Pencucian uang merupakan tindak pidana turunan (proceed of crime) dari tindak pidana asal (predicate crime). Tindak pidana asal yang dimaksud adalah tindak pidana yang sesuai dengan ketentuan Undang-Undang No. 8 Tahun 2010 tentang Pencegahan dan Pemberantasan Tindak Pidana Pencucian Uang (selanjutnya disebut UU TPPU) sebagaimana telah diuraikan di atas (Achyar, 2018). Tindak Pidana Pencucian Uang atau money laundering di Indonesia menjadi salah satu permasalahan bangsa yang belum terselesaikan. Indonesia sebagai sebuah negara yang berdasarkan pada hukum (rechtstaat) dan tidak berdasarkan atas kekuasaan belaka (maachtsstaat), maka upaya penegakan hukum berpegang pada prinsip-prinsip rule of law yaitu adanya supremasi hukum, prinsip persamaan di depan hukum dan terjaminnya hak-hak asasi manusia oleh undang-undang dan putusan pengadilan. Dalam konteks ajaran “negara kesejahteraan” (welfare state) pemerintah Indonesia berkewajiban untuk mensinergikan upaya penegakan hukum yang berlandaskan pada nilai-nilai keadilan dengan upaya pencapaian tujuan nasional untuk mewujudkan kesejahteraan umum bagi masyarakat. Berdasarkan pemikiran seperti ini, penanganan tindak pidana dengan motif ekonomi harus dilakukan dengan menggunakan pendekatan yang berkeadilan bagi masyarakat melalui pengembalian hasil dan instrumen tindak pidana kepada negara untuk kepentingan masyarakat. (Ganarsih, 2003)

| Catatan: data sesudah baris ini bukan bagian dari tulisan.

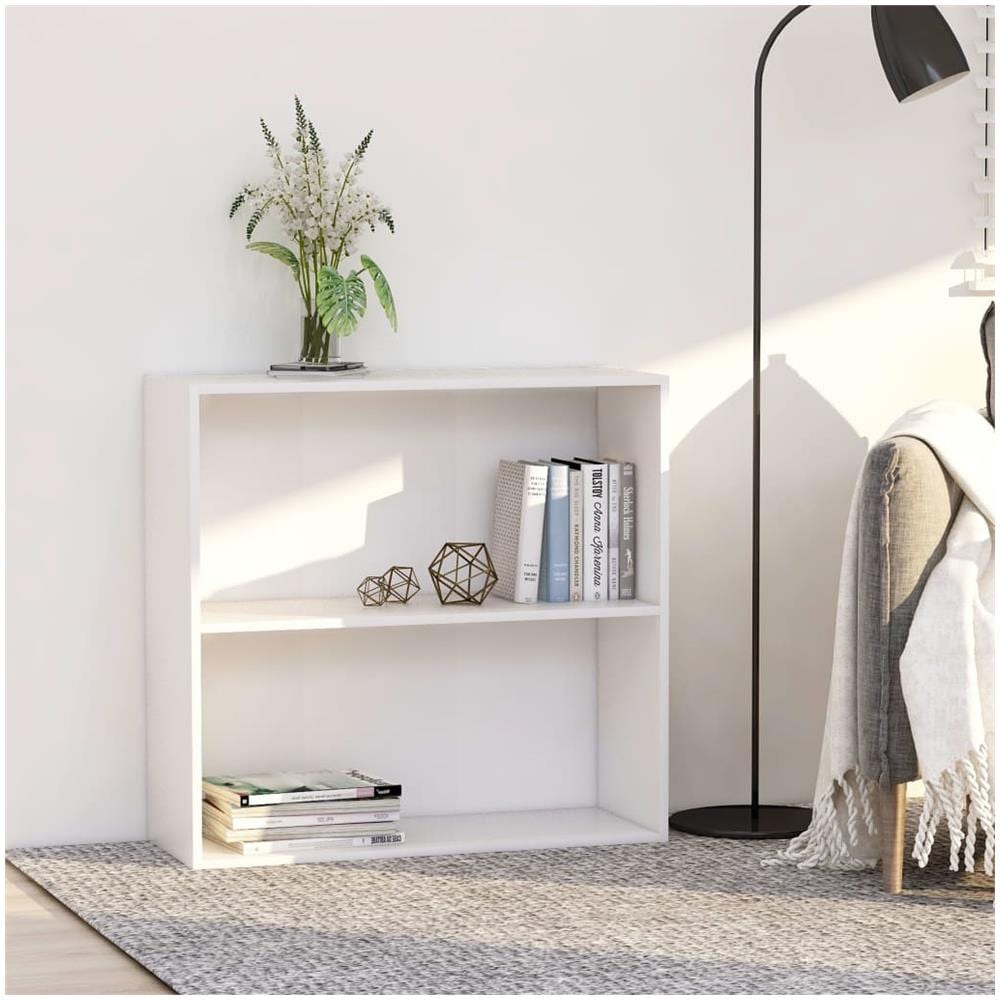 Libreria A 2 Ripiani Bianca 80x30x76,5 Cm In Truciolato - Foto 1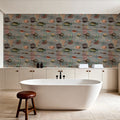 Under the Surface Gray Mural Wallpaper - room preview 04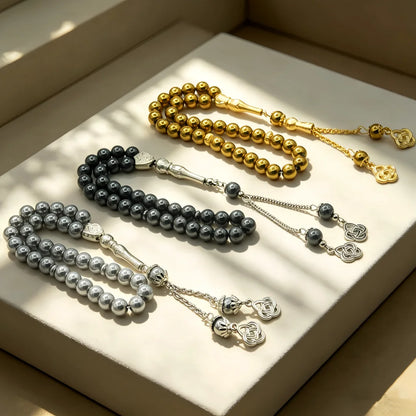 asbih Islamique 33 Perles 8mm en Pierre Naturelle – Chapelet Musulman Dhikr, Subha & Cadeau Ramadan Hajj Umrah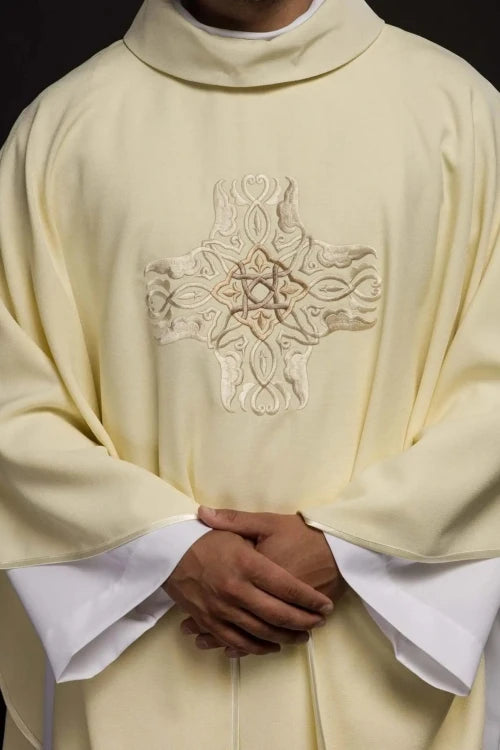 Ecru Chasuble with embroidered cross – Variant II — front view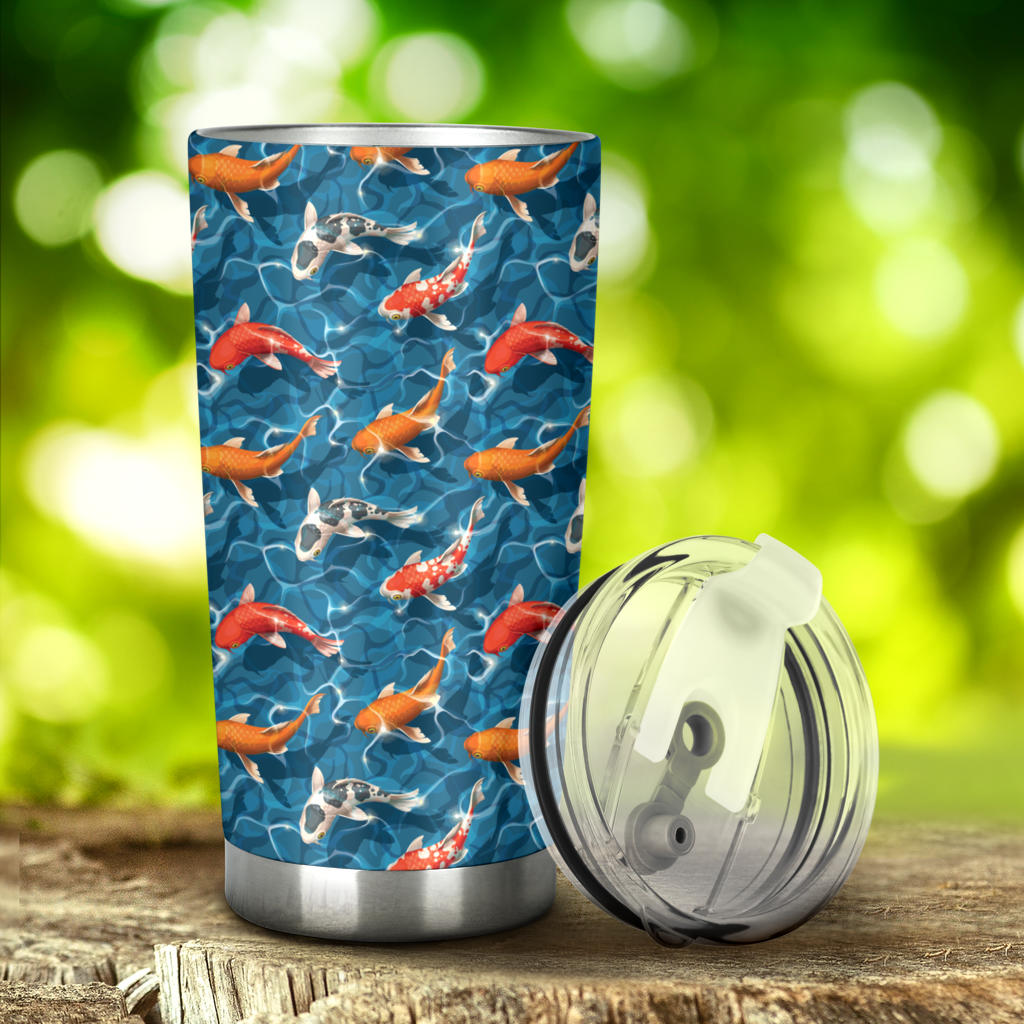 Koi Carp Water Design Themed Print Tumbler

Menyita dan merampas hasil dan instrumen tindak pidana dari pelaku tindak pidana tidak saja memindahkan sejumlah harta kekayaan dari pelaku kejahatan kepada masyarakat tetapi juga akan memperbesar kemungkinan masyarakat untuk mewujudkan tujuan bersama yaitu terbentuknya keadilan dan kesejahteraan bagi semua anggota masyarakat. Sebagaimana diketahui bahwa beberapa ketentuan pidana di Indonesia sudah mengatur mengenai kemungkinan untuk menyita serta merampas hasil dan instrumen tindak pidana seperti dalam KUHP, KUHAP, dan beberapa ketentuan peraturan perundang-perundangan lainnya. Penyitaan merupakan bagian dari penyidikan yang diatur dalam Kitab Undang-Undang Hukum Acara Pidana atau yang biasa disebut KUHAP, penyitaan diatur dalam pasal 1 butir 16 KUHAP yaitu  :“Penyitaan adalah serangkaian tindakan penyidik untuk mengambil alih atau menyimpan dibawah penguasaannya benda bergerak atau  tidak bergerak, berwujud atau tidak berwujud, untuk kepentingan pembuktian dalam penyidikan,  penuntutan dan peradilan.”(Pidana, 1976).

Penyitaan, UU TPPU tidak mengatur secara khusus masalah penyitaan dalam penanganan perkara Tindak Pidana Pencucian Uang. Ini berarti bahwa penyitaan dilakukan sesuai dengan ketentuan perundang-undangan. Namun apabila masih ada kekayaan yang belum disita, UU TPPU memberikan kewenangan kepada hakim untuk memerintahkan jaksa penuntut umum untuk melakukan penyitaan aset, seperti yang tertera dalam pasal 81 Undang-Undang Nomor 8 Tahun 2010 Tentang Pencegahan dan Pemberantasan Tindak Pidana Pencucian Uang, yaitu “Dalam hal diperoleh bukti yang cukup bahwa masih ada Harta Kekayaan yang belum di sita, hakim memerintahkan jaksa penuntut umum untuk melakukan penyitaan harta kekayaan tersebut.”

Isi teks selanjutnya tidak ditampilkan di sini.